Les soutiens de Summers ont, comme à l’accoutumé dans la propagande outrancière de l’hyper-libéralisme prédateur, mis en avant l’argument du réformisme, le modernisme (que l’hyper-libéralisme représenterait) contre l’archaïsme. C’est une interprétation cousue de fil blanc. Le texte du Weekly Standard (néo-conservateur) sur l’affaire, qui fait appel à un collaborateur extérieur (Dean Barnett qui édite le site soxblog.com, et dont la principale vertu en l’occurrence est d’avoir été gradué de Harvard en 1989), est plutôt du genre “soyez raisonnable, modernisez-vous” (appel aux “mandarins” de Harvard qui ont eu la tête de Summers), — avec cette conclusion : « Summers's resignation is a sign that, at least at Harvard, the professoriate will brook no dissent on their view of the university system. »

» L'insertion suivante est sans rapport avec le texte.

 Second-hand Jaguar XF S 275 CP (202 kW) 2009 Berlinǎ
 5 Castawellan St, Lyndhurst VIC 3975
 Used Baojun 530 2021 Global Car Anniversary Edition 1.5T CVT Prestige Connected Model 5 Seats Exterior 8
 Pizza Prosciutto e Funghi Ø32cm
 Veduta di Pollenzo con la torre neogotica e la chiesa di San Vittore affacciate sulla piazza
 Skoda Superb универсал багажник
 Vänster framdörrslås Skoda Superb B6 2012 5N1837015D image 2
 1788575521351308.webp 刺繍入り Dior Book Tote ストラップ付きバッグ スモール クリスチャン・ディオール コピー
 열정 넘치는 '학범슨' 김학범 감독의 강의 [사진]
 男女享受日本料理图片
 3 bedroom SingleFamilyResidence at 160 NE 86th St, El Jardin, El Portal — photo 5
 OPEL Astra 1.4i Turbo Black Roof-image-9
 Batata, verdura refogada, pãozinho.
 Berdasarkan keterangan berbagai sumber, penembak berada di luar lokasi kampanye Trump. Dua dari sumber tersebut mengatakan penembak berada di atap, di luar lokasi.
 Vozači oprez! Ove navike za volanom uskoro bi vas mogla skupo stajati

Hors des commentaires orientés ou corporatistes, on tiendra cette affaire pour révélatrice d’abord de la tension interne dans le parti démocrate. C’est une étape importante vers le paroxysme de l’affrontement, entre establishment et “dissident” du système social-darwiniste US actuel, et, à l’intérieur des démocrates, entre les soutiens à la politique washingtonienne et leurs adversaires, tenants de la tradition du parti. Cette opposition se traduit également, de façon plus concrète et plus immédiate, entre partisans et opposants de la guerre en Irak.

L’aspect très particulier de l’affrontement, qui n’a guère de précédent dans l’histoire politique des États-Unis, c’est la rupture très inhabituelle, très paradoxale, entre l’establishment et l’élite du corps politique général qu’est le monde universitaire, — alors que la fonction de la seconde a toujours été de donner au premier son fondement intellectuel et moral, sa puissance conceptuelle, voire sa légitimité au travers du prestige de cette élite. Pour la première fois dans l’histoire américaine, l’élite conformiste (le monde universitaire) risque de se retrouver aux côtés de l’élite “dissidente” américaine (le monde littéraire notamment, voire certaines franges du monde cinématographique). Même dans les années 1960, période de grands remous, l’élite universitaire anti-guerre n’était pas coupée de l’establishment puisqu’une partie du monde politique washingtonien était également anti-guerre.

Dans tous les cas, l’affaire Summers (qui fut ministre du trésor et proche de Clinton), en plus des prises de position très bellicistes de Hillary Clinton, permet de mettre un point définitif à l’évaluation de l’administration Clinton. Elle ne fut rien d’autre qu’une préparation, une “montée en puissance” vers le régime actuel, belliciste et prédateur.